Cependant, les importateurs se veulent rassurants. Moustapha Lô, nouveau président de l’Union nationale des commerçants et industriels du Sénégal (Unacois Jappo), assure que cette décision, si elle entre en vigueur, n’aura aucun impact sur les prix du riz.

« Cette mesure n’aura aucun impact sur les prix du riz », affirme M. Lô, grand importateur de la denrée, contacté par Seneweb.

Il explique que le prix du kilogramme de riz ordinaire a été fixé à 350 francs CFA par les autorités. Le riz concerné provient essentiellement du Pakistan et de l’Inde, deux des principaux fournisseurs du marché sénégalais. D’après Moustapha Lô, les grossistes achètent actuellement le riz pakistanais à 280 francs CFA et le riz indien à 290 francs CFA le kilo. À ce tarif, les marges restent confortables même en maintenant le prix de vente au consommateur à 350 francs CFA.

« Le commerçant s’en sort largement bien en vendant à 350 francs CFA. Donc il n’y aura aucune hausse », précise-t-il.

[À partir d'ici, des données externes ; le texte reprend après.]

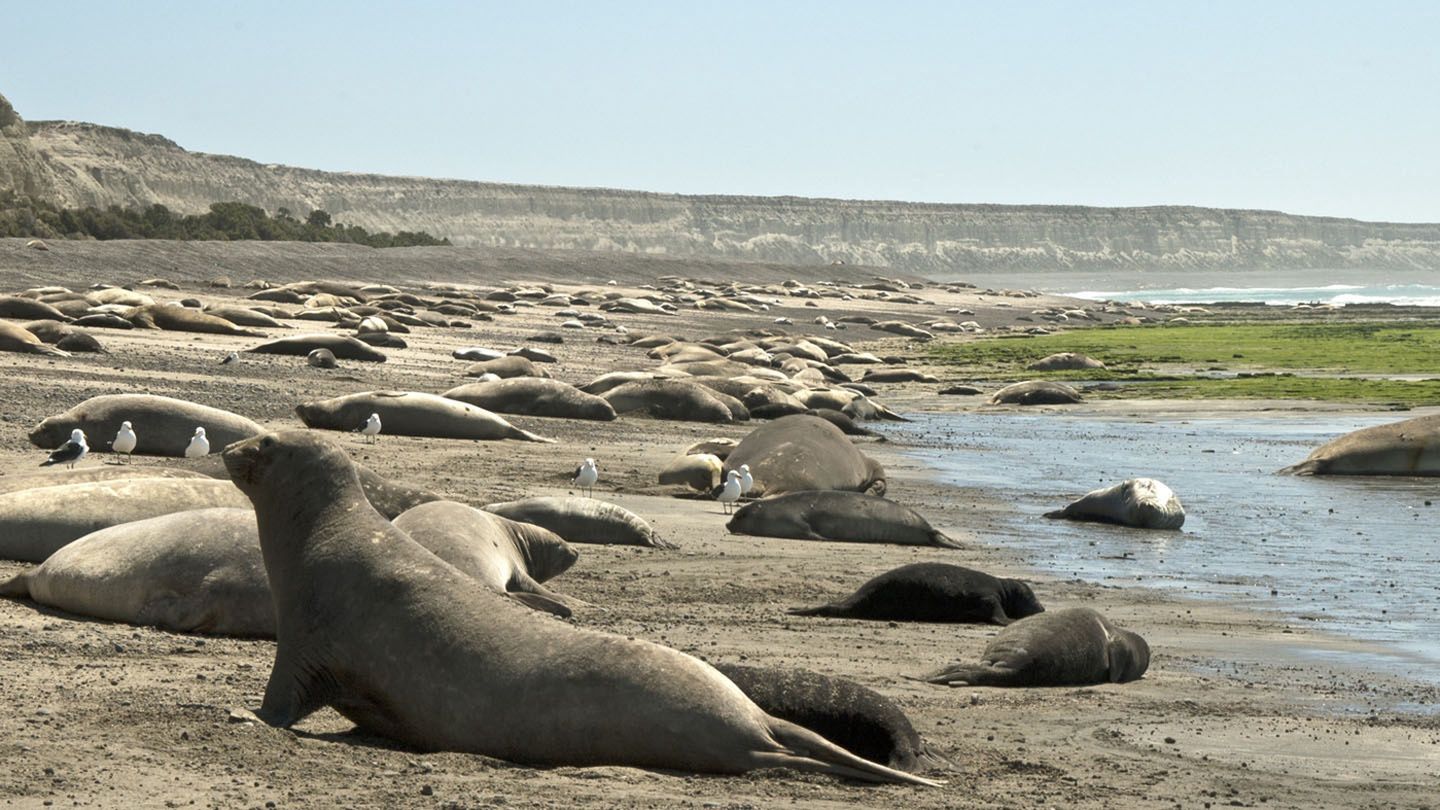 Populacja słoni morskich na wybrzeżu Patagonii (WCS Argentina)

Sur le fond, Moustapha Lô estime que l’État n’a pas tort de vouloir rétablir cette taxe. Selon lui, l’exonération avait été instaurée à une période où les prix mondiaux du riz étaient particulièrement élevés, dans le but de soutenir le pouvoir d’achat des ménages. Or, la conjoncture a changé, avec une baisse des cours internationaux du riz.

« Aujourd’hui, avec la baisse des prix du riz, il est normal que l’État puisse rétablir la taxe provisoirement », conclut-il.

En attendant une communication officielle du gouvernement, les consommateurs peuvent donc souffler : aucune hausse du prix du riz n’est à prévoir pour le moment, malgré les rumeurs.